Sixth in the list is the best all-rounder of the 21st century: Australia’s Shane Watson. Further down are two South Africans with greatly contrasting stats: Jacques Kallis (brilliant batsman, very good bowler) and Shaun Pollock (vice versa).

Of the other ’80s super-allrounders, Ian Botham is in the top ten as expected. Kapil Dev only just makes the cut, but Richard Hadlee doesn’t quite count as an all-rounder. He’s one of the best test bowlers, but he tended to bat too far down the order to have any sustained impact with his batting.

Hadlee was always a great bowler who batted rather than a true all-rounder (at least in tests). But as a Kiwi, I am pleased to see two recent NZers are true all-rounders: Chris Cairns makes the top 10, and the underrated Jacob Oram is at #14. Some recent players don’t quite make it to the list, such as former NZ captain Daniel Vettori and dynamic Pakistani legspinner and big hitter Shahid Afridi.

As I always suspected, Gary Sobers wasn’t really an all-rounder.

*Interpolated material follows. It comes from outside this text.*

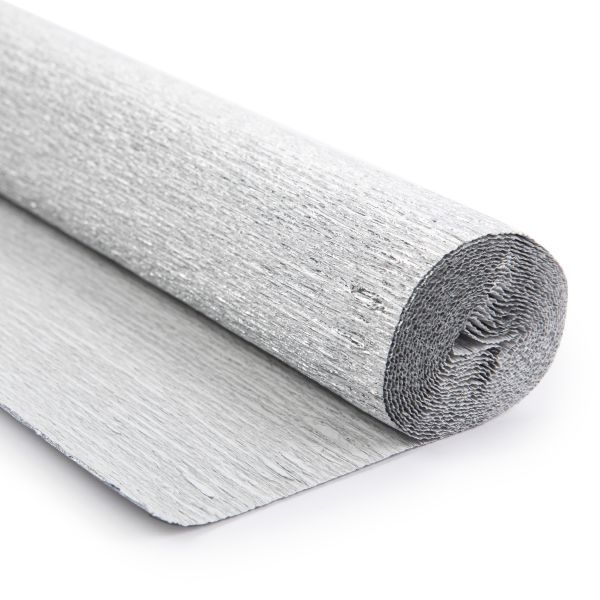 Бумага гофрированная (креповая) 180 г/м², 50 см / 2.5 метра, 802 серебро, Blumentag GOF-180/M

An excellent batsman but a below-average bowler, whose bowling aggregate is much more impressive than his bowling average.

I’m going to spend a little more time juggling all these numbers to find out similar information about batsmen and bowlers, and maybe some other interesting tidbits too. I will probably revisit the all-rounder calculations too, since I can already see a few ways they can be improved. It’s a shame there’s no Test cricket on at the moment — radio cricket commentary makes the perfect soundtrack for number-crunching.